12VAC30-110-185. Appeal summary.
A. The agency proposing the action about which the individual requested the state fair hearing shall complete an appeal summary, which shall include:
1. The appellant's name and case name, if different;
2. The appellant's case number, Medicaid identification number, or other identifying information;
3. The agency or contractor responsible for the appellant's case;
4. A summary of the facts surrounding and the grounds supporting the action, the failure to take an application for benefits or to act with reasonable promptness on an application for benefits, a reported change in circumstances, or a request for a particular medical service. The summary of facts must include:
a. A list of the documents reviewed or relied upon, including those reviewed as part of the appeal.
b. A narrative explanation describing the agency's or contractor's position on the action when considering all documentation submitted until the appeal summary is filed. When the action under appeal is for a reduction of termination of existing coverage, the narrative should include an explanation as to what has changed or how the previous approval was made in error.

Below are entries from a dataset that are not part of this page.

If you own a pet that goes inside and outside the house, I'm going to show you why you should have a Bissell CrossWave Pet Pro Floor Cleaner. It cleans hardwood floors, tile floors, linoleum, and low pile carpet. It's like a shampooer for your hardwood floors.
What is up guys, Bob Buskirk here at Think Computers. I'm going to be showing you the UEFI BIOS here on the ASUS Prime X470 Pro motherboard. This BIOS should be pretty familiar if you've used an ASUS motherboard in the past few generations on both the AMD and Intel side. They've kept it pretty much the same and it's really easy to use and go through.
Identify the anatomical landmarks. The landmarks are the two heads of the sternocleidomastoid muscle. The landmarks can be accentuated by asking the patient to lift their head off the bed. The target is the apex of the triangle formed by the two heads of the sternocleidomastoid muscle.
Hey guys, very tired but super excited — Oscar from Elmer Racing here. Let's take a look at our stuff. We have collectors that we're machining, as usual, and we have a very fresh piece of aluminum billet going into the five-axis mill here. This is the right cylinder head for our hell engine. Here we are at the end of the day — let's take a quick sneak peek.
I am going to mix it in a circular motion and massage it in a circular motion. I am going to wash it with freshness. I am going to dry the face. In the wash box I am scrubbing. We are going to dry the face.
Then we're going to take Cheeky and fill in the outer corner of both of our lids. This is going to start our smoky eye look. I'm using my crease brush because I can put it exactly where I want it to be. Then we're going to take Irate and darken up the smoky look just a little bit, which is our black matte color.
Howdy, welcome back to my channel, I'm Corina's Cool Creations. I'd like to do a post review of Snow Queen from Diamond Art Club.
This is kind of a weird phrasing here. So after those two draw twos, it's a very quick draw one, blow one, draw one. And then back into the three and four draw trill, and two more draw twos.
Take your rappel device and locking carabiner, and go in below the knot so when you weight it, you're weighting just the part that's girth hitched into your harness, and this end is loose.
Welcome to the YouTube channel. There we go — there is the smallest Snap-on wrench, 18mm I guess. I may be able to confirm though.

5. Citations to the statutes, regulations, and specific provisions of the Virginia Medical Assistance Eligibility manual or other policy that support the agency's action; and
6. The adverse benefit determination or the decision notice and any other documents relating to the appeal upon which the agency relied in making its decision.
B. The summary shall be filed with the department's Appeals Division with a complete copy sent to the appellant and the appellant's authorized representative, if applicable, at least five business days before the hearing date.
Statutory Authority
§ 32.1-325 of the Code of Virginia; 42 USC § 1396 et seq.
Historical Notes
Derived from Virginia Register Volume 40, Issue 22, eff. August 1, 2024.